Emma had first read about the Appalachian Trail in an old National Geographic magazine some years before she set out, and the pictures of the beautiful vistas stayed with her until she could make the trek for herself. She was repeatedly asked by reporters why she was taking on such a long-distance hike, and she answered with various versions of “because I want to.” When she reached the Northern terminus she sang America the Beautiful, and declared, “I said I’ll do it, and I’ve done it.”

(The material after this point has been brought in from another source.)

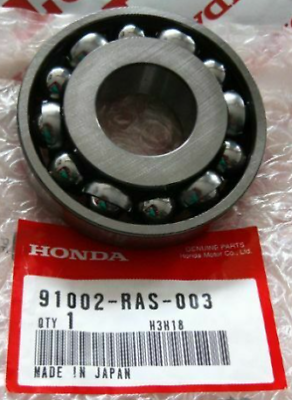 Подшипник КПП 91002RAS003 HONDA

After her first thru-hike of the Appalachian Trail, she became the first person to complete the trail for a second and third time, her third hike being completed in sections. She became something of a hiking celebrity and took on other challenges such as hiking the 2,000 mile Oregon trail at age 71.
Emma Gatewood’s legacy continues to inspire countless hikers today. Ben Montgomery talked to several people at the northern terminus of the AT and describes in his book how everyone knew something about the legend of Emma Gatewood. Maybe today, on this Black Friday, she can inspire us to not only take more walks, but to walk with a little less “stuff” along the way.